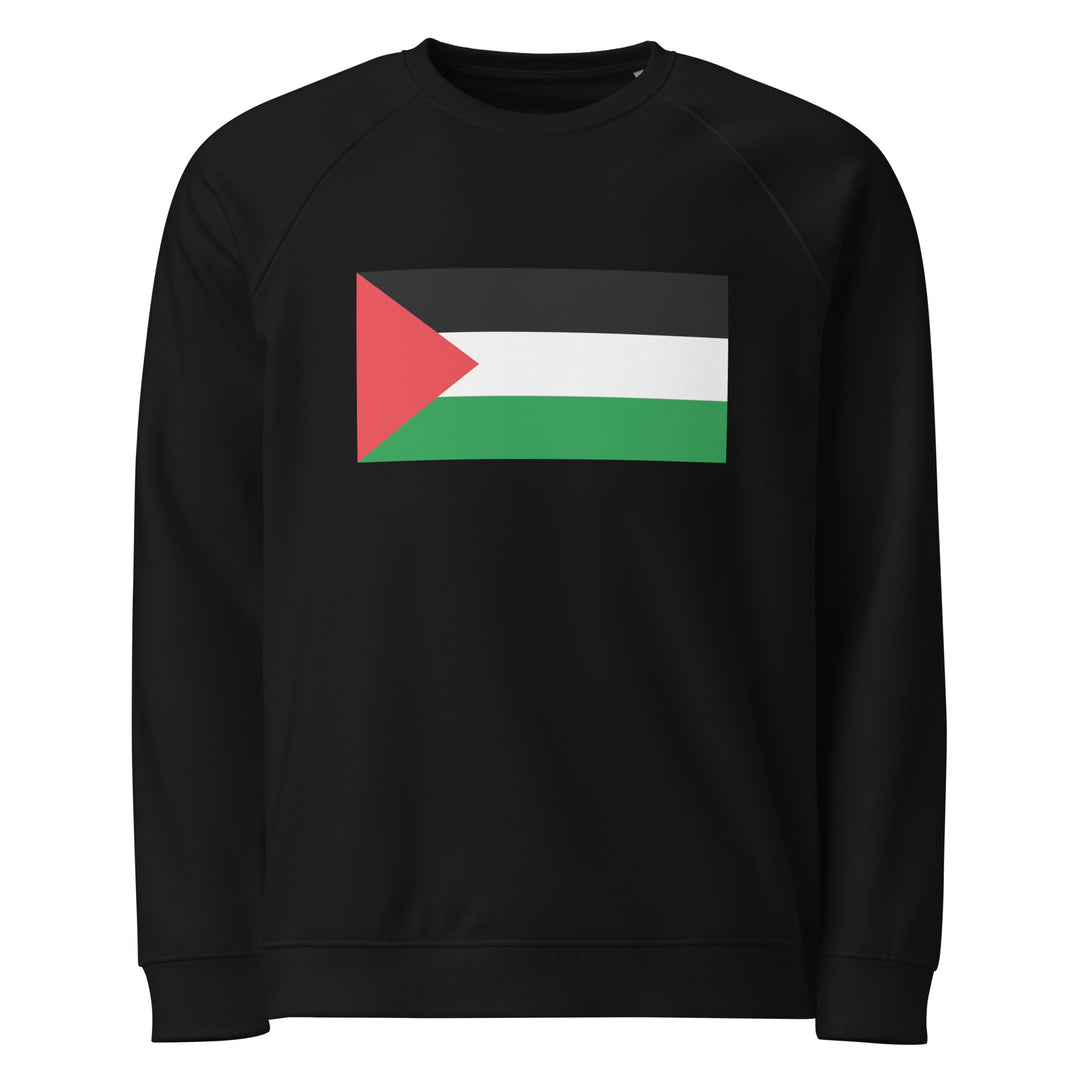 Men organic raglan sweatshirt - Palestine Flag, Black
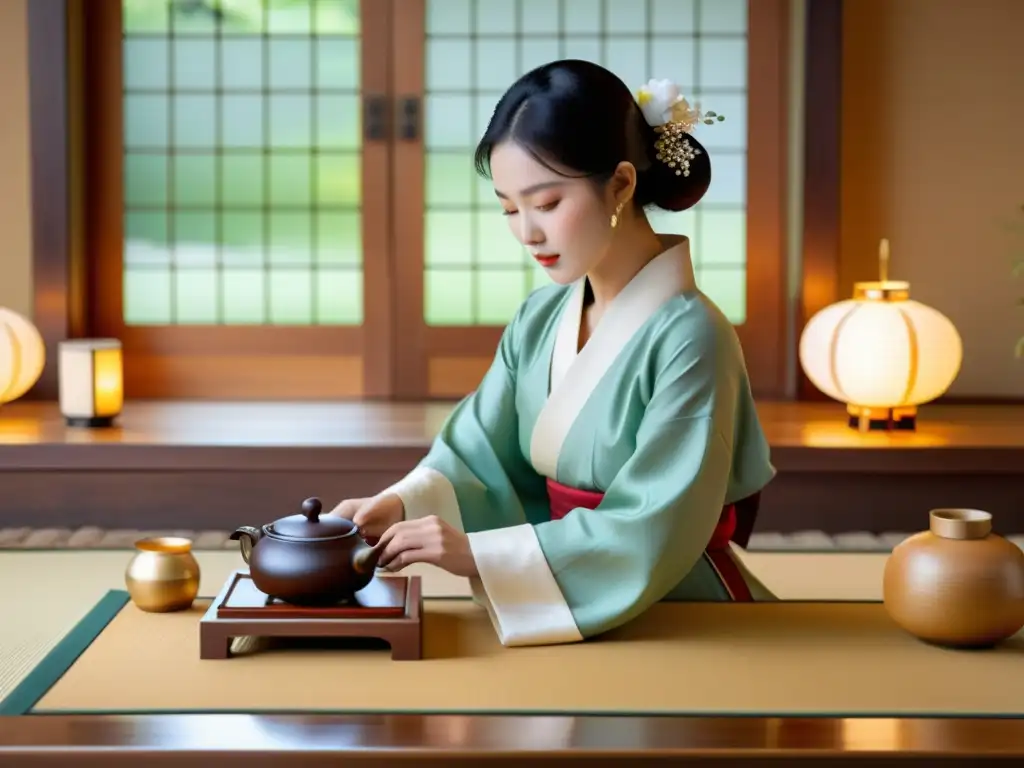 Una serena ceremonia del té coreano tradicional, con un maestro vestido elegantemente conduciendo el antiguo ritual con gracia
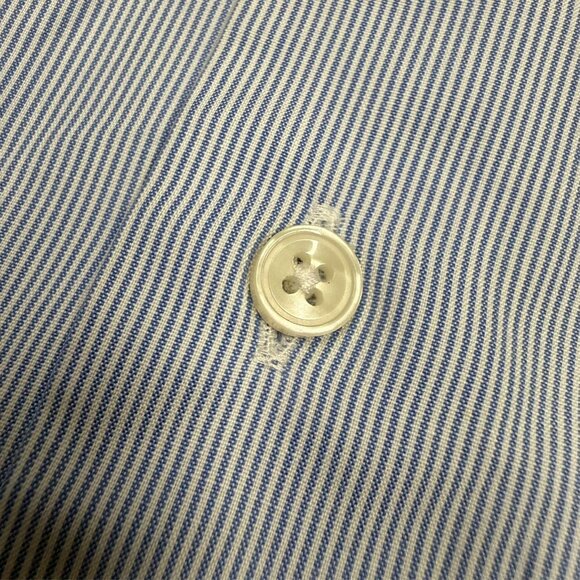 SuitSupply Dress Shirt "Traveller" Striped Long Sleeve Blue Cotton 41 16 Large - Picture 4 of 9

#### Exercise:
Pictures included in the data should be dropped; everything else must be repeated exactly.

#### Task answer:
 Men organic raglan sweatshirt - Palestine Flag, Black
 Una serena ceremonia del té coreano tradicional, con un maestro vestido elegantemente conduciendo el antiguo ritual con gracia
 SuitSupply Dress Shirt "Traveller" Striped Long Sleeve Blue Cotton 41 16 Large - Picture 4 of 9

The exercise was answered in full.